Notre histoire de vie a-t-elle un sens ? Le
sens ne se réinvente-t-il pas, de manière différente, chaque jour de
notre vie ? De ce fait, un projet d'histoire de vie qui n'enferme pas le
sujet est-il encore tenable ? Plutôt que de s'inscrire dans une
perspective historique, la démarche biographique ne serait-elle pas à
orienter dans le sens d'une anthropologie philosophique du sujet ?
Telles
sont les questions qui sous-tendent cet ouvrage, produit d'une
rencontre entre une théoricienne et praticienne des histoires de vie,
Christine Delory-Momberger, auteur de Les histoires de vie, de
l'invention de soi au projet de formation (Anthropos, 2000) et de Remi
Hess, anthropologue, praticien de l'analyse institutionnelle.
La
solution adoptée est l'exploration des «moments» que Remi Hess se
construit tout au long de sa vie, comme ressources pour redéployer
constamment le sens ou plutôt les sens de sa vie.
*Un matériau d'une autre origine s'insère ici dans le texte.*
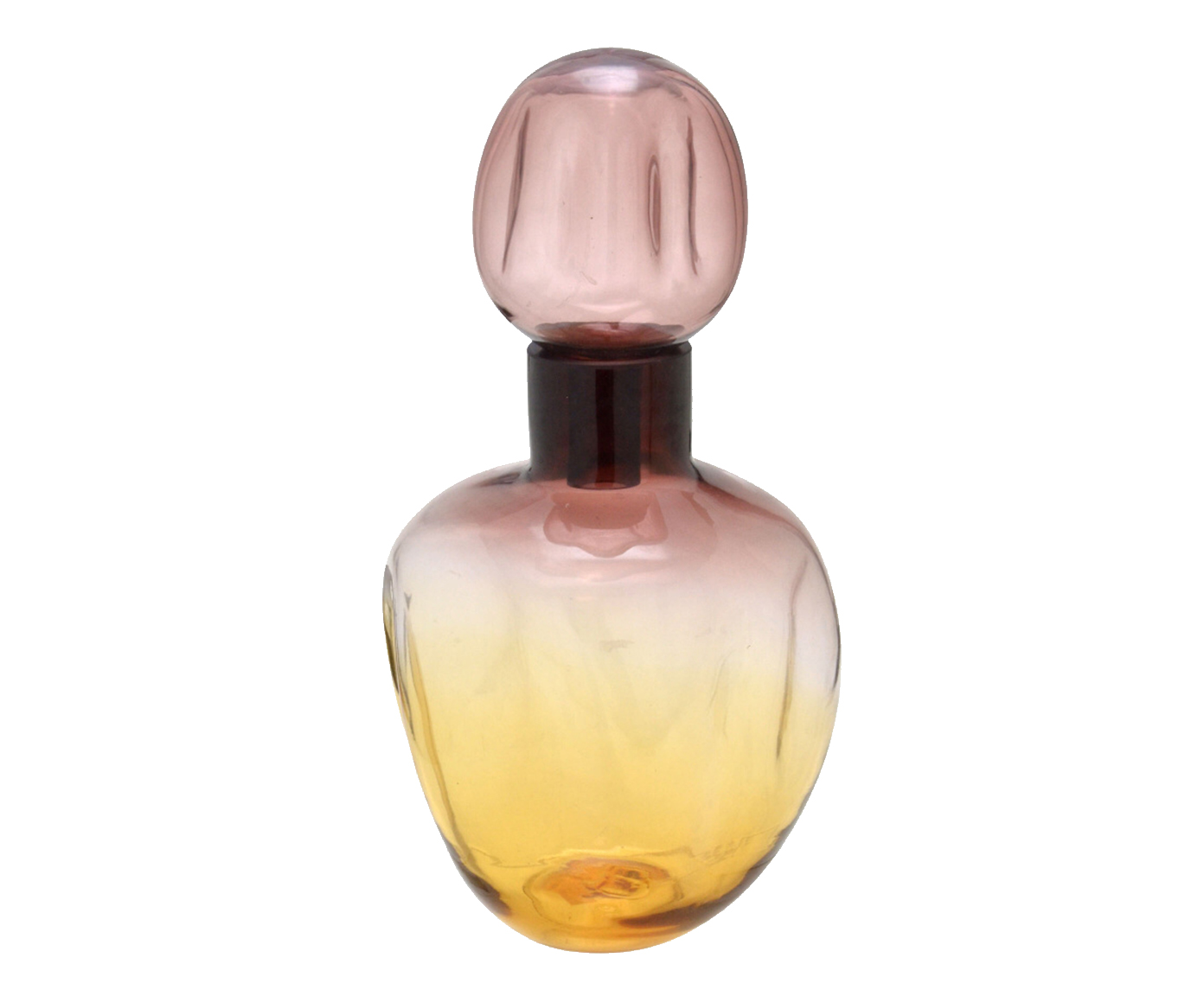 Potiche Decorativo Limax image number 0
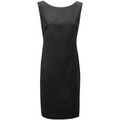 Robes sur Grenoble : Robe courte Sandro Ferrone -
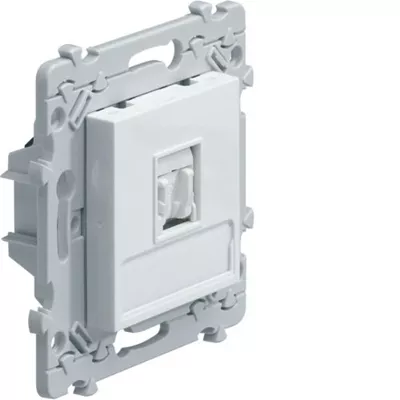 PRISE INFORMATIQUE RJ45 ESSENSYA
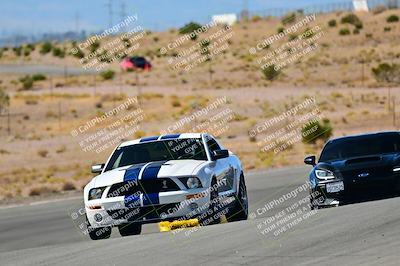 media/Oct-26-2025-West Coast Racing (Sun) [[131b992cb6]]/Red Group/Session 3 (Turn 6)/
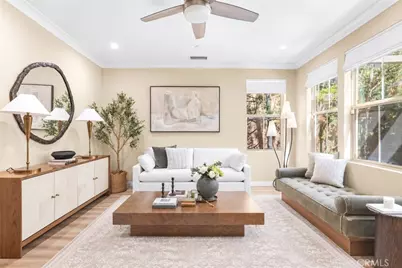 30 Larkfield, Irvine, CA 92620 - Photo 1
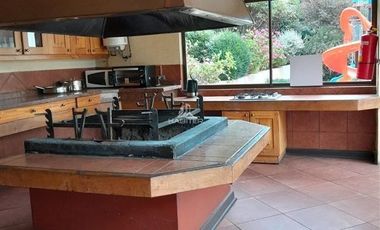 Departamento en Venta en COD39043 Plaza las Banderas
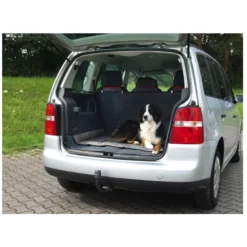 CAMP4 Tapis Abby Pour Chien -Camping Équipements Magasin camp4 tapis pour chien 4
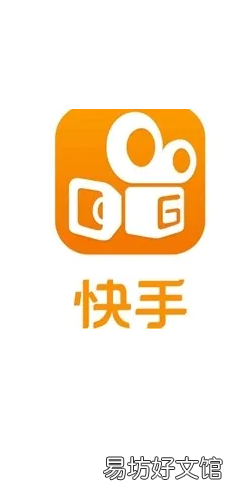 快手视频怎么挂商品链接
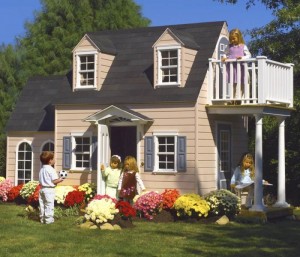 bg-cotton-candy-manor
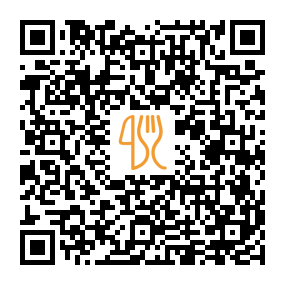 QR-Code zur Speisekarte von Комплекс Зелен свят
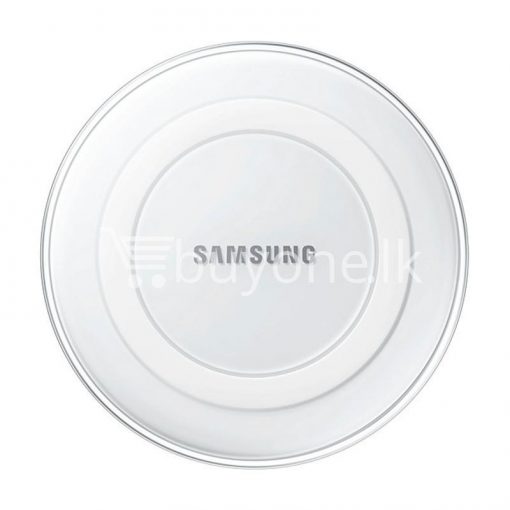 samsung wireless charger mobile phone accessories special best offer buy one lk sri lanka 84811 2 510x510 - Samsung Wireless Charger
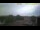 Webcam in Maastricht, 31.2 km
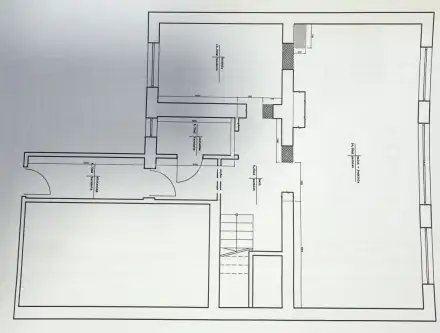 Łódź ,  Chochoła   11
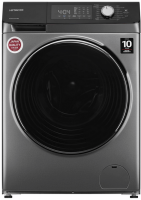 Стиральные машины с сушкой HITACHI BD-D802HVOS 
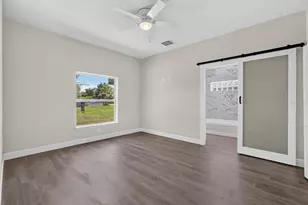 757 Indiana St, Daytona Beach, FL 32114 - Photo 17
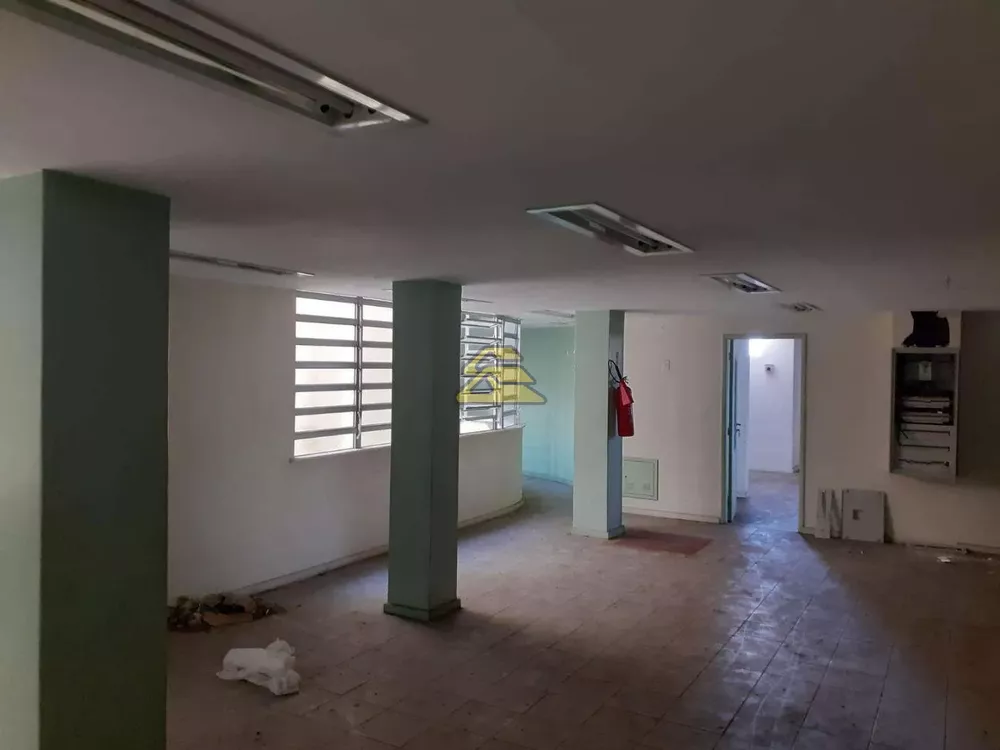 Prédio Inteiro, 6777 m² - Foto 5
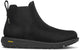 Danner Women's Tramline 917 GTX 6" Waterproof Lifestyle Boot - Black - 34205 - Overlook Boots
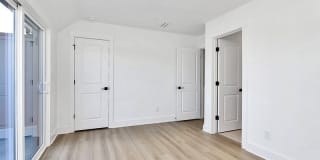5027 Duchess Drive Gallery 19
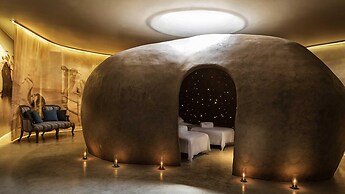 SO/ Sofitel Hua Hin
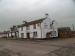 The Queens Head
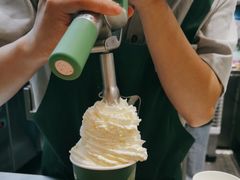 -迷客夏Milksha(无锡苏宁店)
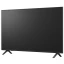 Телевизор LG (50UA75006LA)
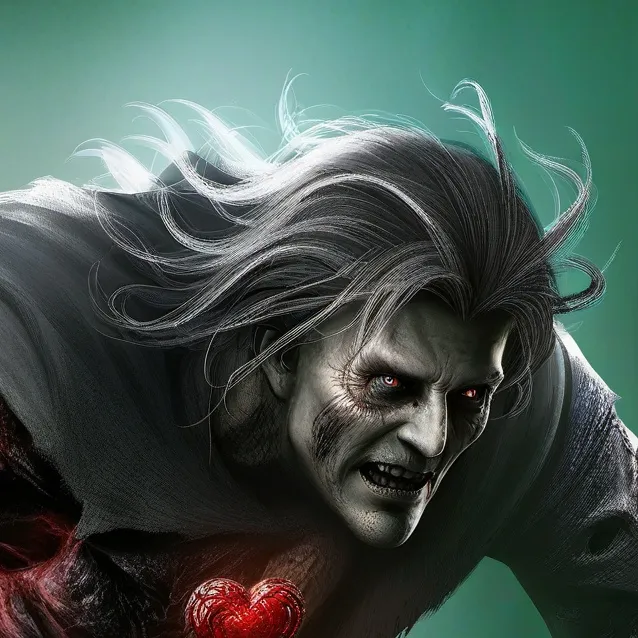 chat with ai character: Lily and Ryan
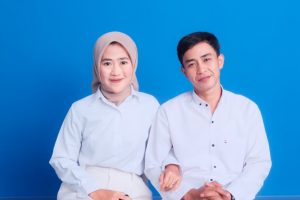 Idan & Ocii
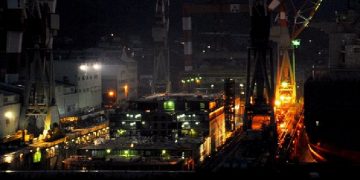 Japoni/ Anëtari i një anije italiane rezulton i infektuar me COVID-19, mobilizohet qeveria: Asnjë të mos zbres në tokë!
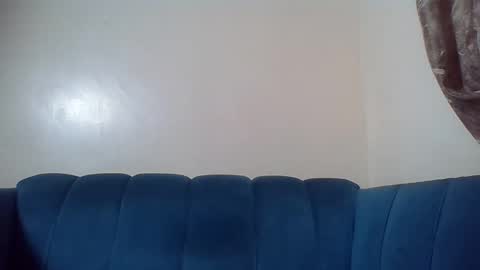 Snapshot of cuteberry87 chatting on 11.05.25 Cuteberry87 online show from 11.05.25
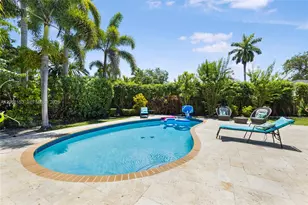 11121 Griffing Blvd, Biscayne Park, FL 33161 - Photo 45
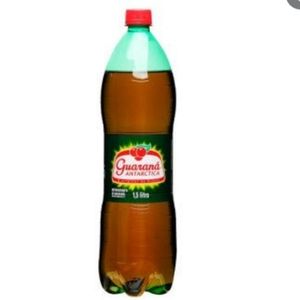 imagem do produto Guaraná Antártica 1,5l
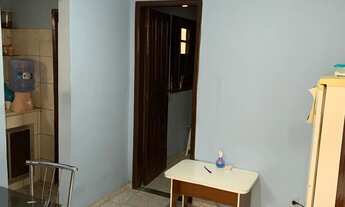 Imagem 6: Alugo casa de vila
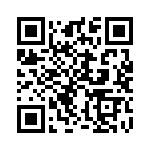 A22L-DG-6A-02A QRCode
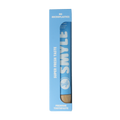 Smyle Tandpasta fresh mint tube 80.00 Milliliter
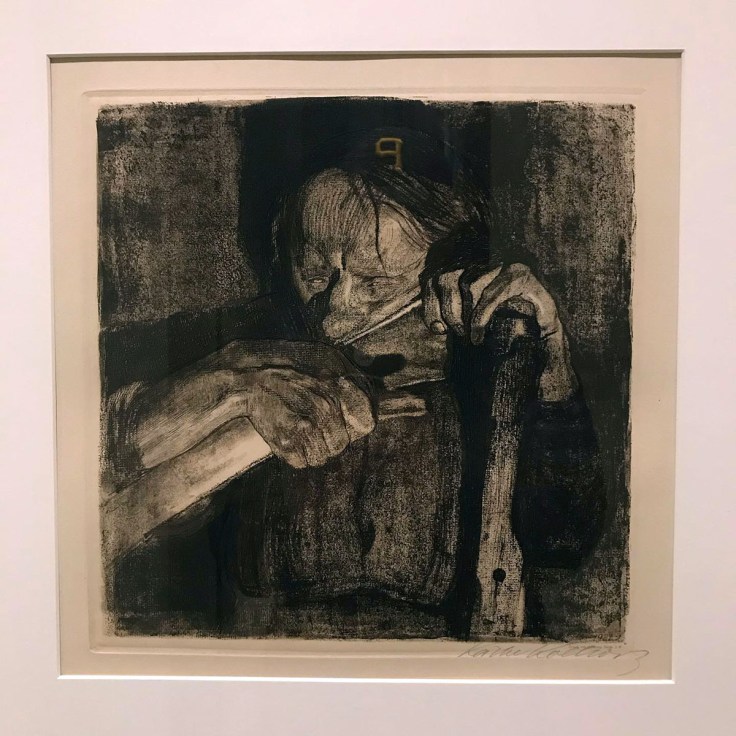 75253013_10162534696350383_5736736754401017856_o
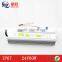 two years of warranty 60 Swiching mode Power Supply 24v 60w waterproof switching mode power supply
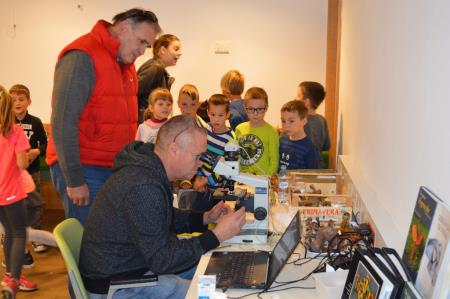 15. GOBARSKA RAZSTAVA V BOVCU 6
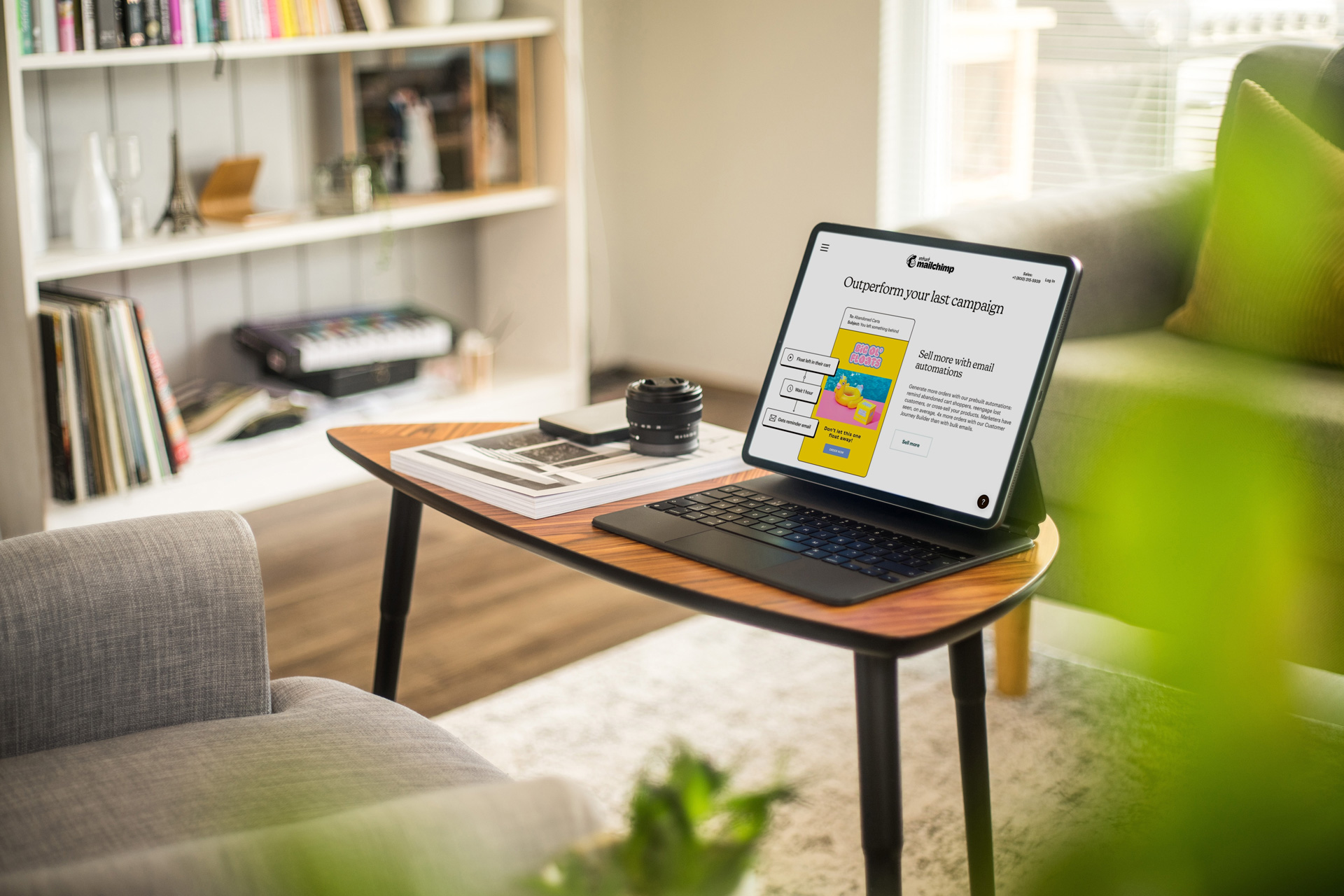 Online conference | VAT in practice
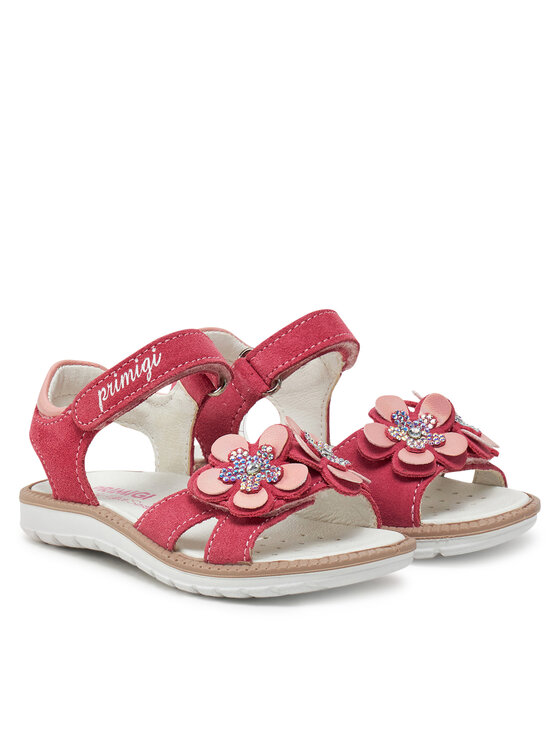 Primigi Primigi Sandalen 7887800 S Rosa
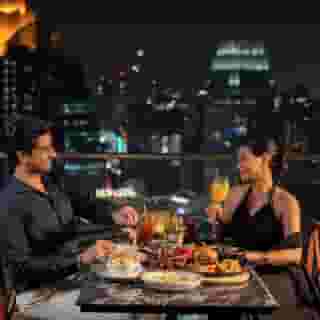 Sofitel Bangkok Sukhumvit, 1 of 6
L'histoire de vie
devient alors une «clinique» des moments, un effort pour les décrire,
pour les articuler, et ainsi dégager des «possibles». Penser, c'est
partir des résidus, du résiduel qui ne parvient pas à trouver sa place
dans une logique hypothético-déductive. La théorie de moments, acceptant
la dissociation du sujet, ainsi que le jeu de l'implication et de la
transduction, renonce à la construction d'une identité close.